• DATASET CONTENT:
★ ★ ★ ★ ★

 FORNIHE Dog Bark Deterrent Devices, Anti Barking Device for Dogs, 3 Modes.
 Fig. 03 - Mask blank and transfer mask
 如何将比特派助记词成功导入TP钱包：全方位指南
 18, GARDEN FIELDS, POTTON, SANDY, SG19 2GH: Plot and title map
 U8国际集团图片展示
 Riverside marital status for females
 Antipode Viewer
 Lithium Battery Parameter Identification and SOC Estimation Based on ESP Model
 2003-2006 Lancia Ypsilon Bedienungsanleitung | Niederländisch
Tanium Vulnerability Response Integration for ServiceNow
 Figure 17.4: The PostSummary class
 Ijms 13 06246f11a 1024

★ ★ ★ ★ ★

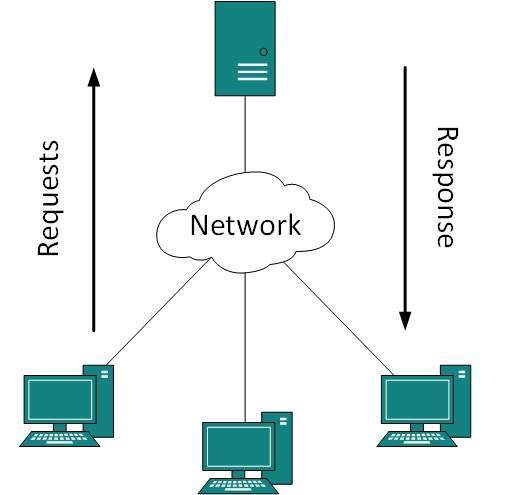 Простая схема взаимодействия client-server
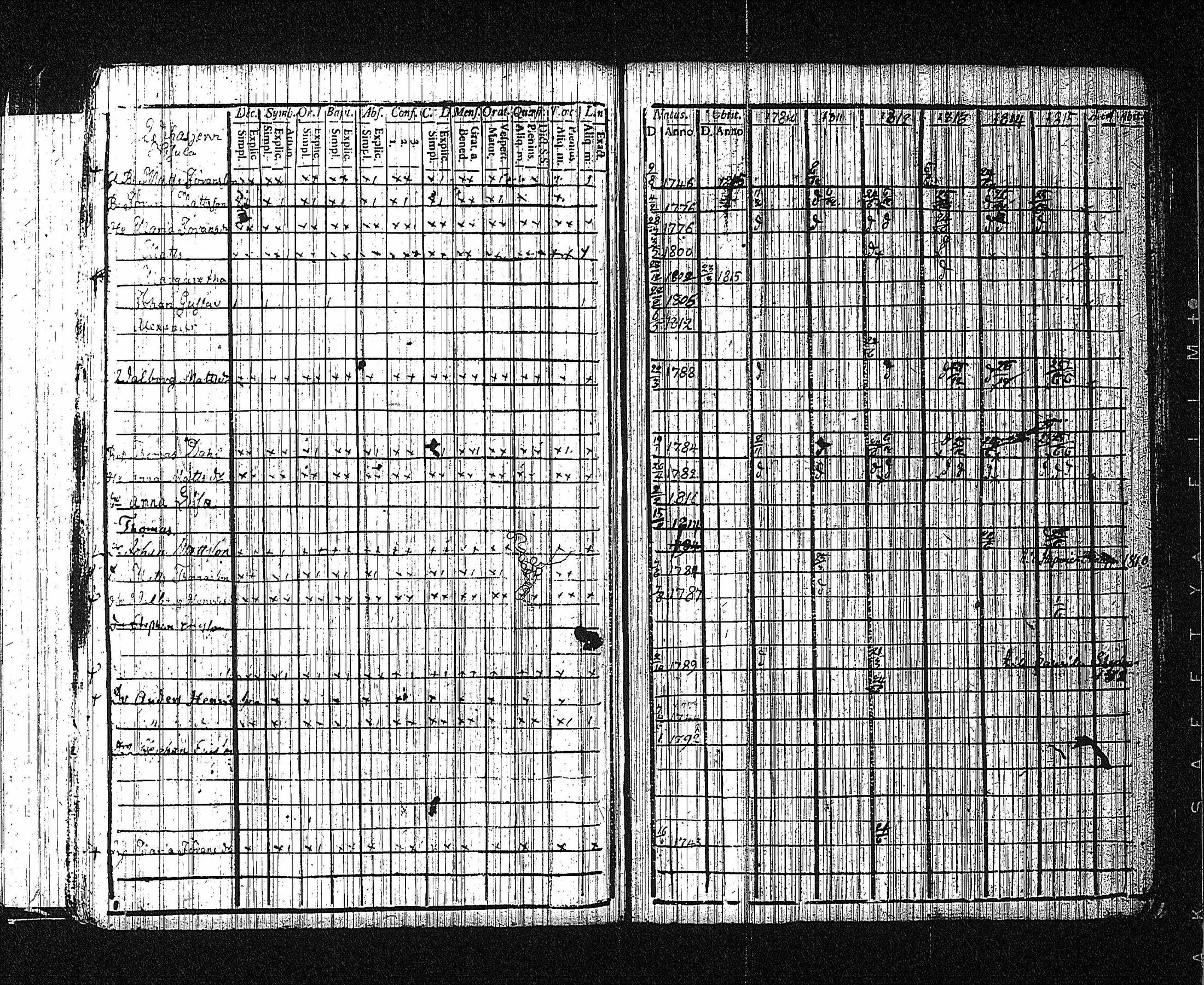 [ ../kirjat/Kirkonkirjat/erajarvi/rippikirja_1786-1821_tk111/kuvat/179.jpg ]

★ ★ ★ ★ ★

• ASSIGNMENT: Set down again, word for word, the stretch of records from the line with "FORNIHE Dog Bark" to the line with "Antipode Viewer", both of those lines included.

• ANSWER FOR THIS EXERCISE:
 FORNIHE Dog Bark Deterrent Devices, Anti Barking Device for Dogs, 3 Modes.
 Fig. 03 - Mask blank and transfer mask
 如何将比特派助记词成功导入TP钱包：全方位指南
 18, GARDEN FIELDS, POTTON, SANDY, SG19 2GH: Plot and title map
 U8国际集团图片展示
 Riverside marital status for females
 Antipode Viewer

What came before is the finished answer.